Globalisation would come as top priority, participants in the Lisbon Summit said. EU leaders pinpointed the union had several main areas to mind when it came to globalisation. Those would be energy security, fight against terrorism, climate change, alongside innovation, though not one predicated on isolation or protectionism.

Jose Luis Socrates, the president of incumbent president of the EU Portugal, said on treaty signing that the December 13 summit in Lisbon would put up for approval a declaration on ways to cope with globalisation. The declaration should equip the EU with the authority to respond to global challenges more swiftly. Namely, Portugal would proffer Sarkozy’s idea for the formation a “group of wise men” to decide on issues of global importance.

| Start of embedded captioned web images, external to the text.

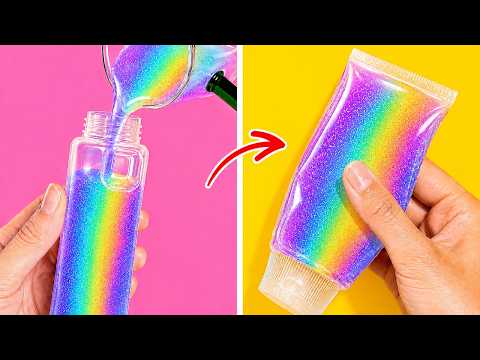 🌈 RAINBOW CRAFTS — RECREATING VIRAL PINTEREST IDEAS! 📱✨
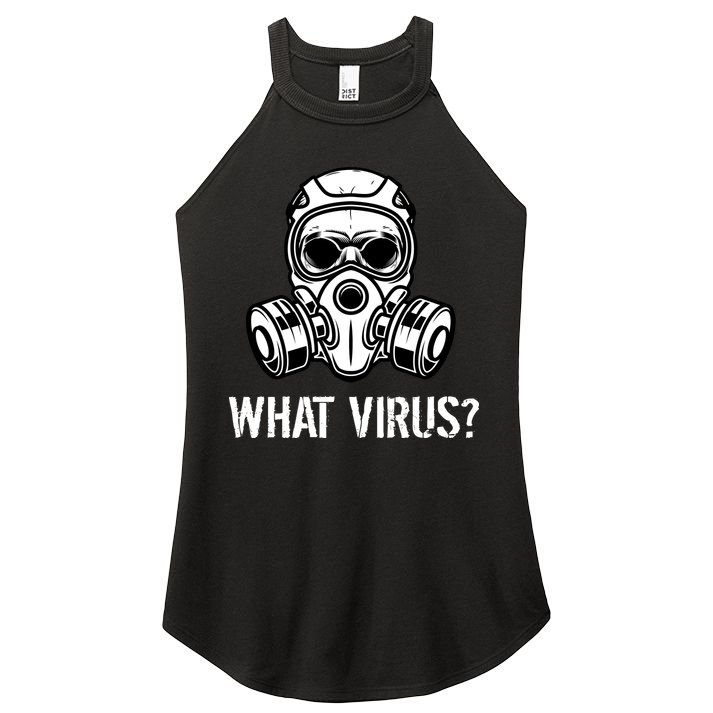 What Virus Funny Gas Mask Women's Perfect Tri Rocker Tank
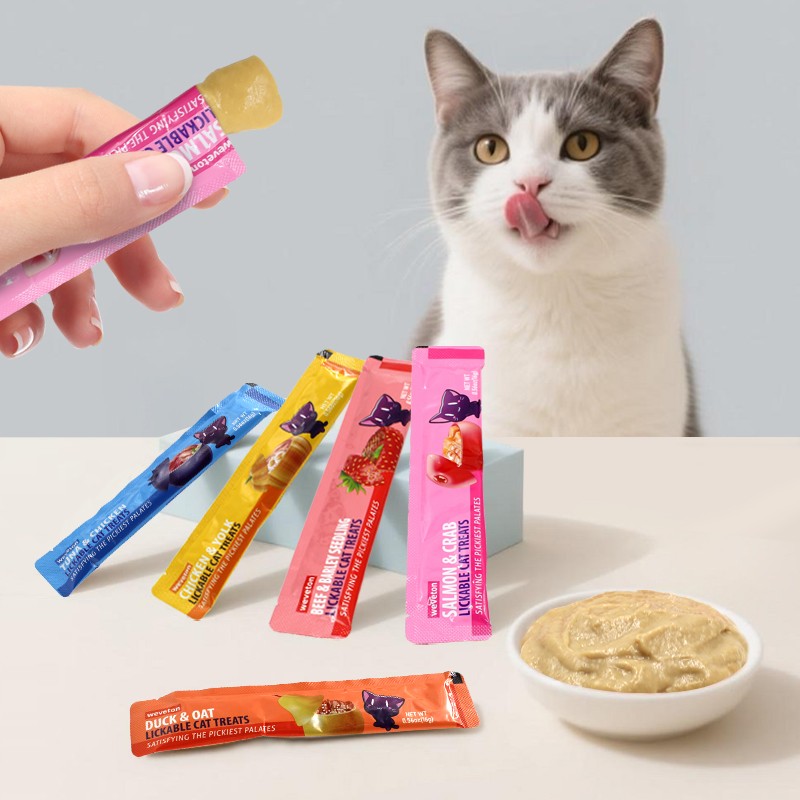 High Protein Cat Creamy Strips Treats Grain&Sugar Free Cat Strips 16g Private Label Customized Natural Cat Wet Food Muscle Gain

Swifter and more flexible response will also come once the treaty comes into effect and the EU gets the opportunity to pass decisions with a qualified majority – rather than unanimous vote – in as many as 40 areas.

A leaner top-tier executive structure will also come in support of more efficient foreign policy making. The treaty allows for the merger of the posts of foreign and security policy chief and external relations commissioner into a new position named High Representative for Foreign and Security Policy. Coupled with the termination of the rotating presidency principle, external players would have a single point of contact on foreign matters.

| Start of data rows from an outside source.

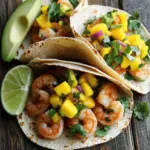 - 1 lb large shrimp, peeled and deveined - 2 tablespoons olive oil - 1 teaspoon smoked paprika - 1 teaspoon ground cumin - 1 teaspoon chili powder - 1/2 teaspoon salt - 1/4 teaspoon cayenne pepper (adjust according to spice preference) - 8 small corn tortillas Large shrimp form the base of these tacos. They bring a sweet, juicy taste. Olive oil helps the spices stick and adds richness. The spices—smoked paprika, cumin, and chili powder—bring heat and depth to the dish. Adjust the cayenne pepper for your desired spice level. Corn tortillas wrap around the shrimp, adding a nice texture. - 1 ripe mango, diced into small cubes - 1/2 red onion, finely chopped - 1 jalapeño, seeded and minced - 1/4 cup fresh cilantro, chopped - Juice of 1 lime - Additional salt to taste The mango salsa complements the shrimp. Ripe mango adds a sweet and fruity note. Red onion gives crunch and bite. Jalapeño adds a fresh heat, while cilantro offers a burst of flavor. Lime juice brightens the mix and adds zest. This salsa balances the spicy shrimp perfectly. - Avocado slices - Lime wedges Adding avocado slices brings creaminess to the tacos. Lime wedges offer an extra citrus kick. Both make each bite even more delightful. Feel free to customize your tacos with these options for added texture and flavor! First, take 1 pound of large shrimp. Peel and devein them if needed. In a medium bowl, add the shrimp with 2 tablespoons of olive oil. Then, sprinkle in 1 teaspoon of smoked paprika, 1 teaspoon of ground cumin, and 1 teaspoon of chili powder. Add 1/2 teaspoon of salt and 1/4 teaspoon of cayenne pepper. Mix well to coat all shrimp. Let them marinate for 15 minutes. This time helps the shrimp soak up the flavors. While the shrimp marinates, let's make mango salsa. Dice 1 ripe mango into small cubes. Chop 1/2 red onion finely. Seed and mince 1 jalapeño. In a bowl, combine the mango, onion, and jalapeño. Add 1/4 cup of chopped cilantro. Squeeze in the juice of 1 lime and a pinch of salt. Mix gently and set aside for the flavors to blend. This salsa adds a fresh, sweet touch to your tacos. Next, heat a non-stick skillet over medium-high heat. Once hot, add the marinated shrimp in a single layer. Cook for about 2-3 minutes on each side. You'll know they are ready when they turn pink and opaque. Be careful not to overcook them. Perfectly cooked shrimp should be tender and juicy. Now, let’s warm the corn tortillas. Use a dry skillet and heat each tortilla for about 30 seconds on both sides. They should be pliable and slightly toasted. Warm tortillas make it easy to fold your tacos without breaking. It’s time to build your tacos! Take a warm tortilla and add a few shrimp on top. Generously spoon the mango salsa over the shrimp. If you like, add sliced avocado for a creamy finish. The combination of flavors and textures is delightful. For a beautiful presentation, arrange your tacos on a colorful platter. Sprinkle some extra cilantro on top for a fresh look. Serve with lime wedges on the side for an extra burst of flavor. Enjoy your tasty creation with friends and family! How do I adjust the spice level? You can easily change the heat by adjusting the cayenne pepper. Start with a little and add more if you like it spicier. Remember, you can always add heat, but you cannot take it away! What other spices can I use? You can try adding crushed red pepper or even chipotle powder for a smoky twist. Both options can enhance the flavor without overpowering the dish. What size shrimp should I use? I recommend large shrimp for tacos. They hold up well and are easy to eat. Look for shrimp that are fresh and firm to the touch. Should I use fresh or frozen shrimp? Fresh shrimp tastes great, but frozen shrimp is also good. Just make sure to thaw frozen shrimp in the fridge before cooking. This keeps them juicy and tender. What herbs can I use? Fresh cilantro adds a bright flavor. You can also use parsley or mint for a different taste. Experiment until you find your favorite! What toppings can I add? Slices of creamy avocado bring a nice texture. You can also try crumbled feta cheese or pickled onions for extra flavor. {{image_4}} If you want a change from shrimp, try chicken or fish. For chicken, use boneless, skinless thighs. Marinate them in the same spices as the shrimp. Grill or sauté until fully cooked. For fish, select white fish like tilapia or cod. Cook it with the same method. If you prefer a vegetarian option, consider using grilled portobello mushrooms. Slice them and marinate in olive oil and spices. They add a great texture and flavor. You can switch up the mango salsa for a pineapple salsa. Dice fresh pineapple, red onion, and jalapeño. Add cilantro and lime juice for zing. This gives a sweeter taste that pairs nicely with spicy proteins. Another fun idea is avocado salsa. Mash ripe avocados with lime juice, diced onions, and chopped cilantro. This creamy salsa adds richness to your tacos. For tortillas, you can use flour or corn. Corn tortillas are classic for tacos. They have a nice flavor and texture. Flour tortillas are softer and can hold more filling. If you need a gluten-free option, look for corn tortillas. They work well and keep the taco true to its roots. Check labels to ensure they are gluten-free. To keep your spicy shrimp and mango salsa fresh, follow these steps: - Place leftover shrimp in an airtight container. - Store the salsa in a separate container. - Refrigerate both items within two hours of cooking. Your shrimp should last for up to three days in the fridge. The salsa will stay fresh for about two days. When it’s time to enjoy your leftovers, you can reheat the shrimp and tortillas easily: - Shrimp: Heat a skillet over medium heat. Add a bit of oil and cook for 1-2 minutes until warmed. - Tortillas: Warm tortillas in a dry skillet for about 20 seconds on each side. Avoid overcooking the shrimp. It’s best when it’s just heated through. You can freeze shrimp tacos if you want to save them for later: - Yes, you can freeze them! - Wrap each taco tightly in plastic wrap. Then place them in a freezer bag. To thaw, place the tacos in the fridge overnight. Reheat on the stove as directed above. This keeps the shrimp tasty and the tortillas soft. You can tell shrimp are cooked by their color and texture. Cooked shrimp turn pink and opaque. Their shape also curls slightly. If the shrimp are firm to the touch, they are ready. Usually, this takes about 2-3 minutes per side. Avoid overcooking; it makes shrimp tough. Yes, you can make mango salsa ahead of time. It tastes even better after sitting. Just mix the diced mango, onion, jalapeño, cilantro, lime juice, and salt. Store it in the fridge for up to one day. This allows the flavors to blend nicely. Remember to stir it before serving. You can enjoy shrimp tacos with many side dishes. Some good options are: - Black beans - Mexican rice - Grilled corn - Chips and guacamole - Fresh salad For drinks, try: - A cold beer - Fresh lemonade - A fruity margarita Yes, shrimp tacos are a healthy choice. Shrimp are low in calories and high in protein. They also provide important nutrients like selenium and vitamin B12. The mango salsa adds vitamins and fiber from mangoes and vegetables. Overall, these tacos are a tasty and nutritious meal. Spicy shrimp tacos are a fun and tasty dish. You learned about key ingredients, like large shrimp and ripe mango. I shared easy steps to marinate shrimp, prepare salsa, and cook it all. Don’t forget garnishes like avocado. You can also swap in chicken or fish if you prefer. For a delightful meal, always pick fresh ingredients. Enjoy your cooking adventure with these shrimp tacos and make them your own.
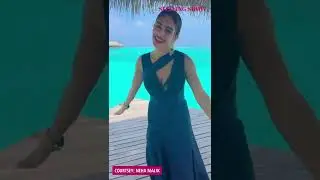 Hot Neha Malik at relaxing at Beach | Viral Video Neha Malik | #Bollywood #Shorts  #SizzlingShow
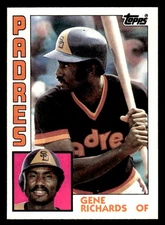 1984 Topps #594 Gene Richards Card San Diego Padres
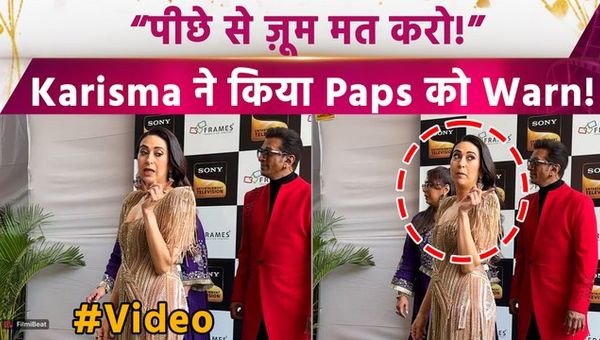 Karisma Kapoor Angry at Paps, Issues Strong Warning in Viral Video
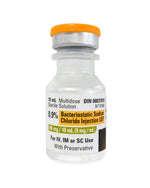 Pfizer 0.9% Bacteriostatic Sodium Chloride Injection 10mL DIN 00037818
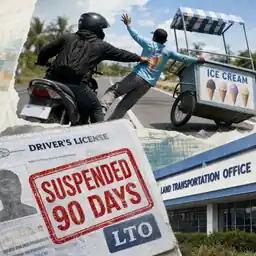 LTO Suspends Rider After Viral CamSur Vendor Push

The reform treaty also provides for the creation of a longer-term European Council president, intended to be assumed by a respectable politician in the international community. Although he will originally be vested with representative powers only, his authority is expected to expand to an extent to make a president of the European Commission unnecessary, EU optimists envision.

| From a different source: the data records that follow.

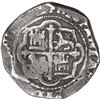 Image 2 : MEXICO, Mexico City, cob 8 reales, Philip III, assayer F (pre-dated type), figure-8 ornaments in leg
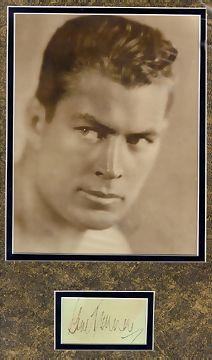 Gene Tunney's Portrait and Signature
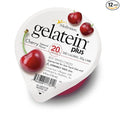 Gelatein Plus Cherry: 20 grams of protein. Ideal for clear liquid diets swallowing difficulties dialysis and oncology. Great pre or post-workout snack. (12 pack)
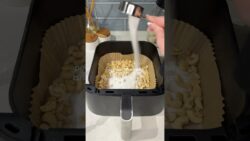 viral air fryer candied cashews recipe 😋 #cashew #recipe #airfryer #shorts #dessert #easyrecipe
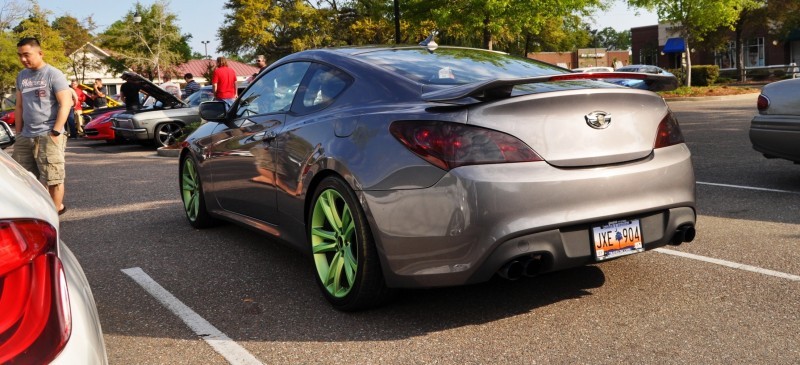 2014 Hyundai Genesis Coupe 3.6 R-Spec at Cars & Coffee - Wearing Custom Lime Green Wheels14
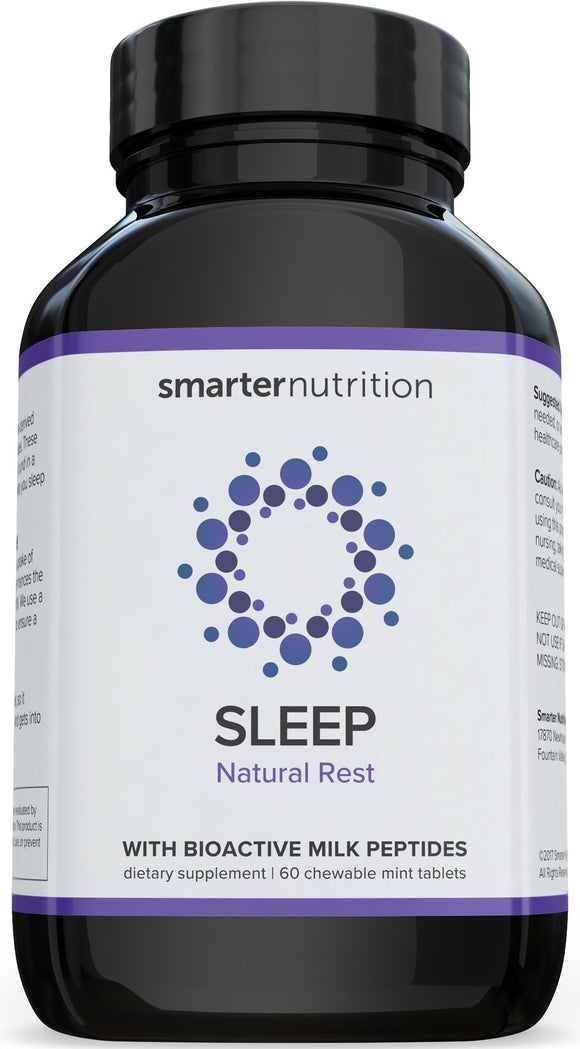 Smarter Sleep  Nighttime Sleep Aid with Bioactive Milk Peptides 60 Caps Organic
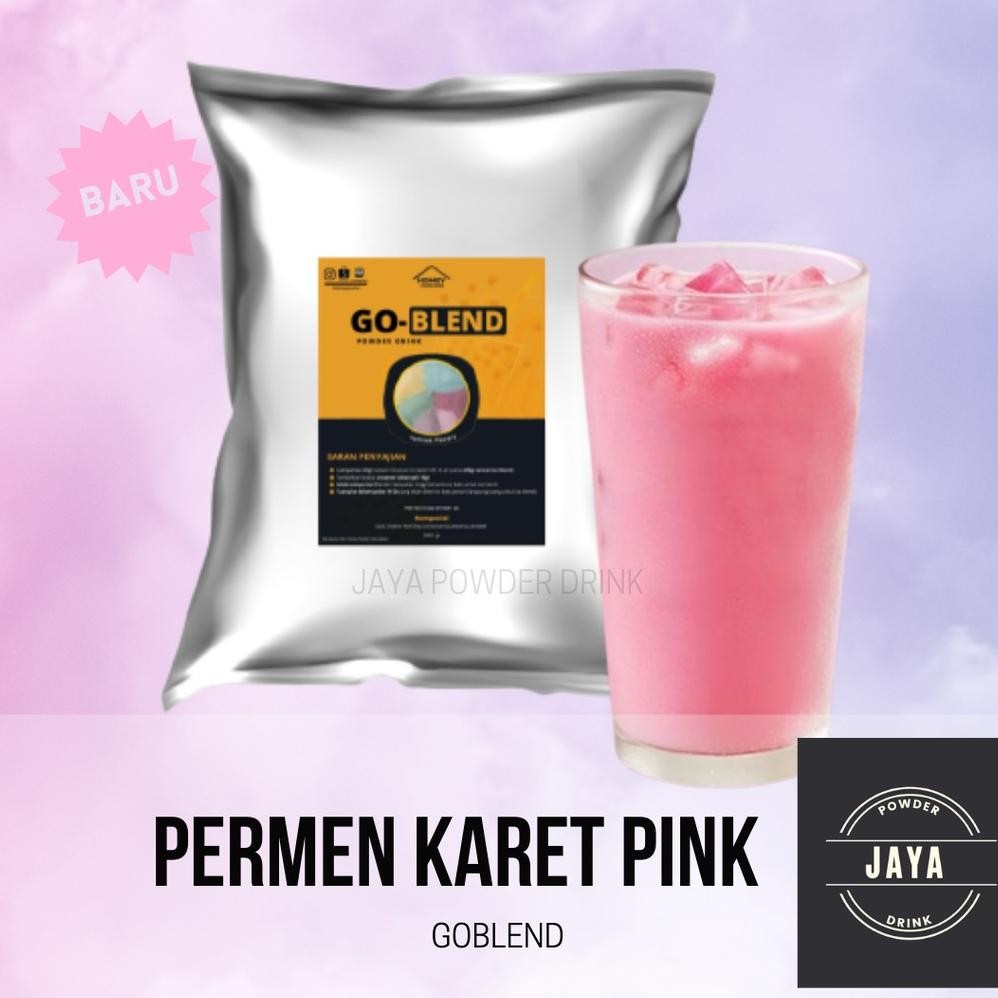 

Bubuk Minuman Rasa PERMEN KARET PINK VIRAL 1Kg Serbuk Minuman Boba instan kekinian ES PERMEN KARET Nugi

This scenario is one to look forward because the treaty already foresees the downsizing of the executive European Commission and the new principle for commissioner rotation.

A change in the same direction seems to be the higher powers granted to national parliaments. Parliaments will now have the right to formally object to European Commission decisions within an eight-week period. Although this had previously been done previously on an informal basis, parliaments now have the opportunity to bend the EU’s executive into alternative decisions. The treaty sees the commission reconsidering a decision whenever half the parliaments vote against it.

Treaty intent
Although the treaty represents no cure-all for internal problems within the European Union, it does allow a union, whose members grew by 12 since 2004, to reach operational efficiency.

Furthermore, hopes are that the treaty will trigger the creation of mechanisms to serve EU citizens better. Calls that the union has been growing the distance between EU goals and the welfare of citizens are increasing. The EU has received the most criticism for sluggish response to challenges related to social welfare, flexibility of the labour market and ageing population.

The treaty is expected to narrow this gap. The more efficient decision making system should help to faster address the issues mentioned above and, thus, help restore confidence in the EU.

Taking the treaty as a conduit for EU’s becoming an authoritative global player, it should put the EU on an equal footing with, say, Russia and the US, on issues of global importance. EU optimists see the union becoming a permanent member of the UN Security Council, for example.

The Lisbon Treaty is all about creating hopes for a fundamental reform and meeting expectations for its implementation. Since growing Euro-skepticism is on the map, EU leadership should take the pains to transform hopes into reality.